By Tracie Mitchell
Staff Writer 

Ten Sleep implements plan to improve literacy

 

October 17, 2017

Dane Weaver

Ten Sleep implements plan to improve literacy

By Tracie Mitchell

Staff Writer

TEN SLEEP – During the Ten Sleep School Board's October meeting board, members heard from Ten Sleep School Improvement Coordinator/ Social Studies teacher Dane Weaver about an implemented plan to improve Ten Sleep School student's literacy. The plan was created to address the low reading and English scores Ten Sleep high school students received on last year's ACT and Aspire tests.


"Last time we were here [September school board meeting] we were talking about data; specifically we were talking about ACT and Aspire [tests] data with the high school students. We have fully developed a school improvement plan in conjunction with our faculty and staff," Weaver said.

Weaver went on to explain to the board that the plan implemented is a school wide improvement plan. That minor superficial changes were not what was occurring but sustainable structural changes that will impact students learning immediately. He explained that so many times in education minor superficial changes are temporary. "Because whenever you just put Band-Aids on something blood is going to eventually come."


The literacy plan has four major parts addressing reading, writing, vocabulary and literacy interventions.

Across the nation people are seeing huge gains in literacy in elementary school and huge slides in middle school because elementary teachers always teach literacy, regardless of content while in the upper grades content is the main focus, Weaver said. "Research best practices say that when literacy only lives in the English classroom, you going to have some major problems. If the student is only primarily taught in the English classroom to read, they are not going to be prepared in the other content areas. And if it is only being covered sporadically throughout the other content areas those problems are going to compound. So what we are doing is we are spreading literacy out among all the teachers. No matter what subject, whether it be welding, whether it be music, whether it be social studies every week there will be literacy based practices. There will be reading going on in the classroom," Weaver explained. "Let me make you aware that reading alone is not good enough. Instead every teacher has to teach literacy because literacy is the problem.

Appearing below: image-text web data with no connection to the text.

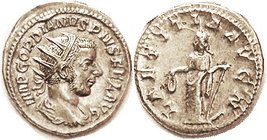 GORDIAN III, Ant, LAETITIA AVG N, Laetitia stg l, EF/VF, so graded because rev typically soft from worn die; obv quite sharply struck with crisp portr...
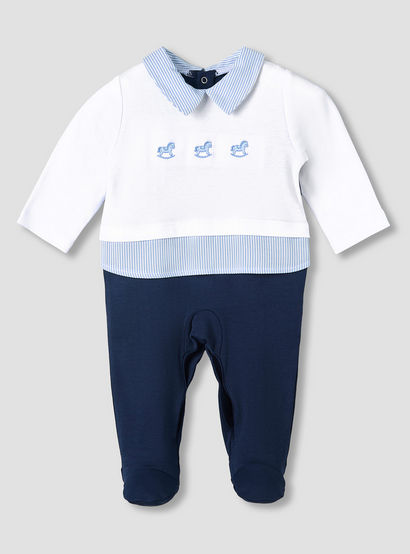 Giggles Cotton Collared Long Sleeves Sleepsuit with Horse Embroidery-baby-boys-clothing-nightwear-sleepsuits-image-2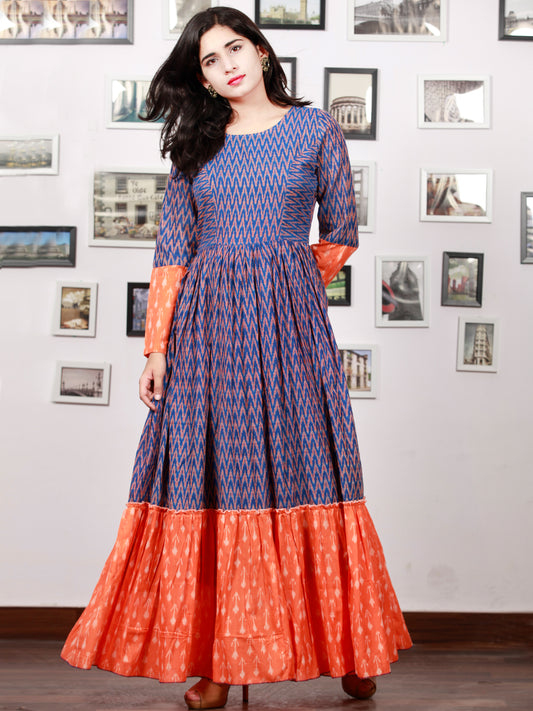 Royal Blue Orange Hand Woven Cotton Mercerized  Ikat Princess Cut Cotton Long Tier Dress - D175F1276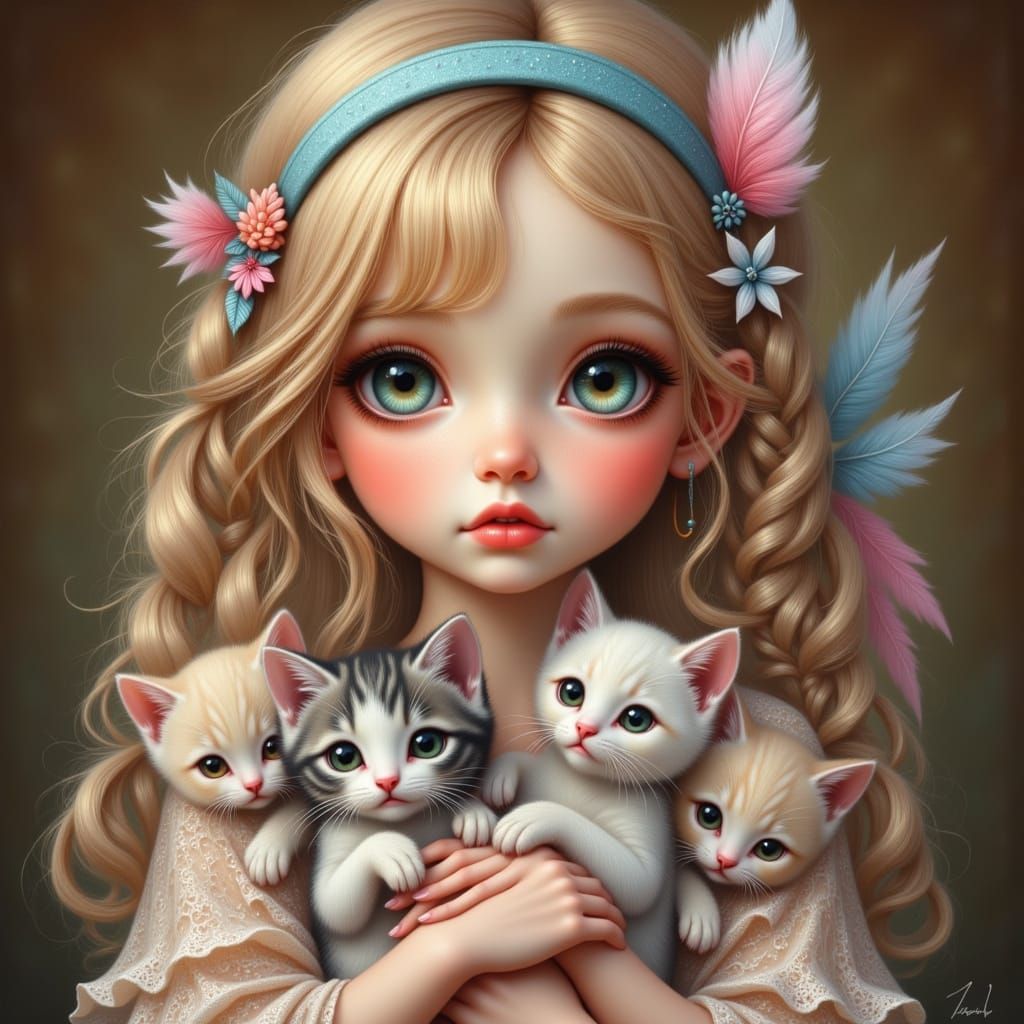 Girl with Kittens in Whimsical Style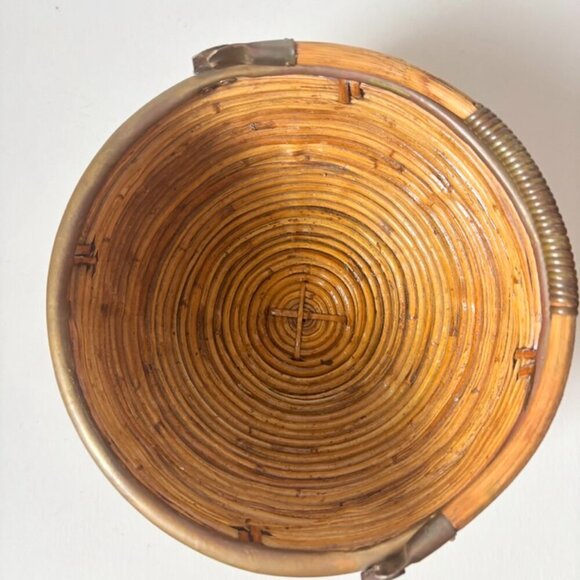 Large Vintage 1970's Italian Brass Rimmed Pencil Bamboo Basket With Handle - Picture 3 of 8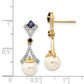 14k Yellow Gold 7-8mm FWC Pearl Created Sapphire Real Diamond Dangle Post Earrings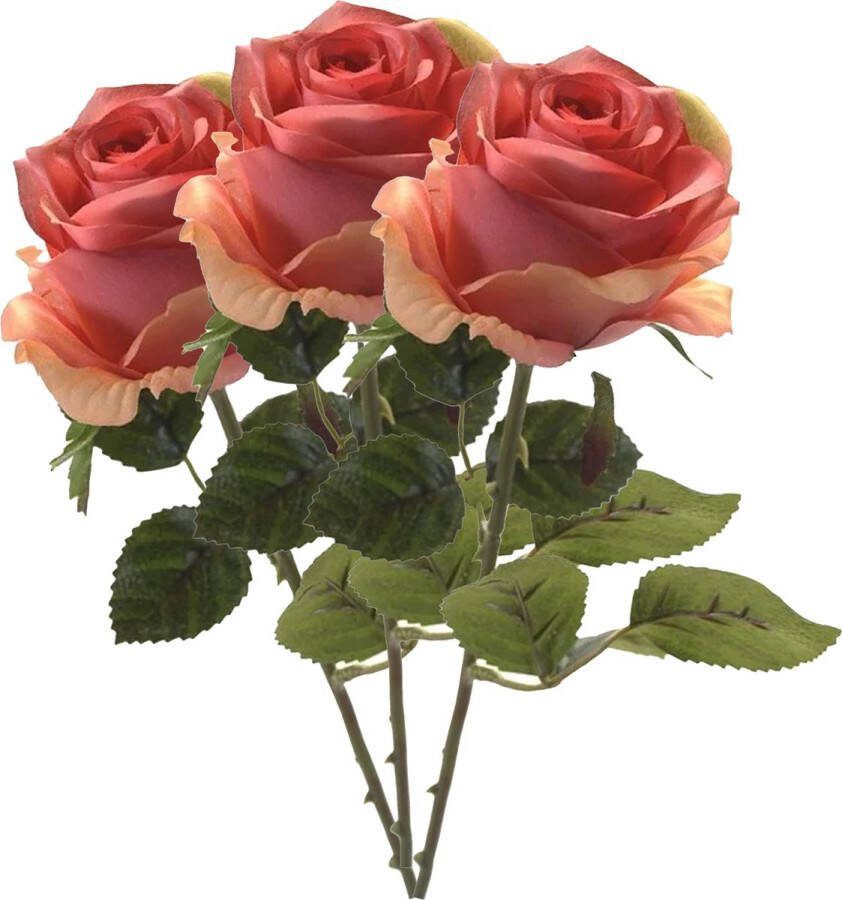 Emerald Kunstbloem roos Simone 3x roze 45 cm decoratie bloemen Kunstbloemen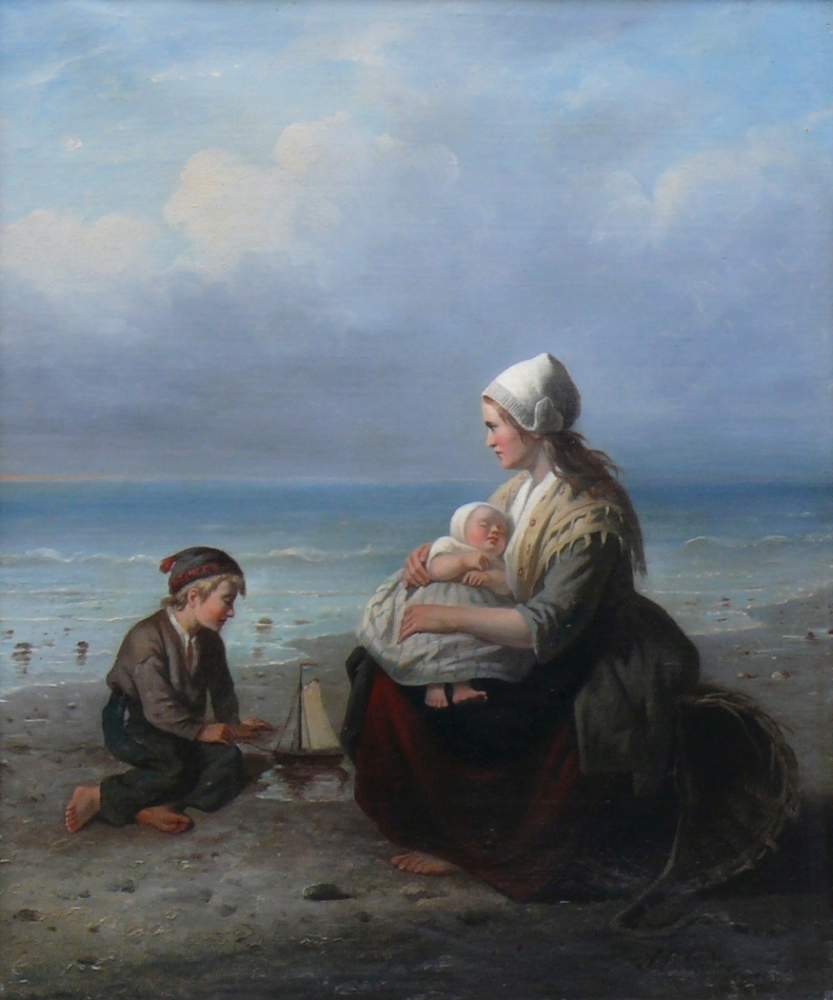 Anonym (19.Jh.)"Junge Frau am Meerufer sitzend"; im Arm hält sie ein Baby umschlossen; vor ihr ein - Image 2 of 6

It's not that students aren't reading enough, we see students reading all the time throughout different classes. The support that we are going to provide is a common strategy for literacy. Teaching a common strategy, that same strategy will be applied in mathematics, science, woodshop, regardless of the class you go to we are all teaching reading, the same reading strategy so there is continuity across the board. This is a huge piece of what we are going to do, is reading across the content area and also teaching reading in the content area," he added.


Weaver stated that reading and writing go hand and hand and the second part of the implemented plan will be to have students writing content based writing twice a week in every class. There will be a standard school rubric so that no matter what class the student is in the grading on their writing will be the same. "Research tells us that obviously reading and writing are interlinked. Also for those of you who have been to college, you innately understand that so much of college is read this, read this and now produce something from that. Being able to read something and reproduce it and write it is that top notch step, it's the highest level of thinking and it's where we as teachers strive to get our kids every day. Extended writing in content area will help us get there."


Part three of the plan involves vocabulary. "Next is disciplinary vocabulary words. Very simple procedure, in every content area we have vocabulary that are absolutely necessary to understand. I'm teaching 20th century history right now and I would dare say that if a student doesn't understand what fascism is, I have a problem. We want to make sure that our kids are understanding the terminology of the content area. They need to see the content, they need to hear the content but more importantly I need to hear those vocabulary words from them. It's a huge component for them be able to use the terminology," Weaver said.


The final part of the plan in literacy interventions, one-on-one time where a student and his/her teacher sit down together and work together to improve the students literacy." If you want major impact from stuff, it comes down to a teacher sitting beside a student, looking at the reading, watching what they are doing. That's where the good stuff happens in school."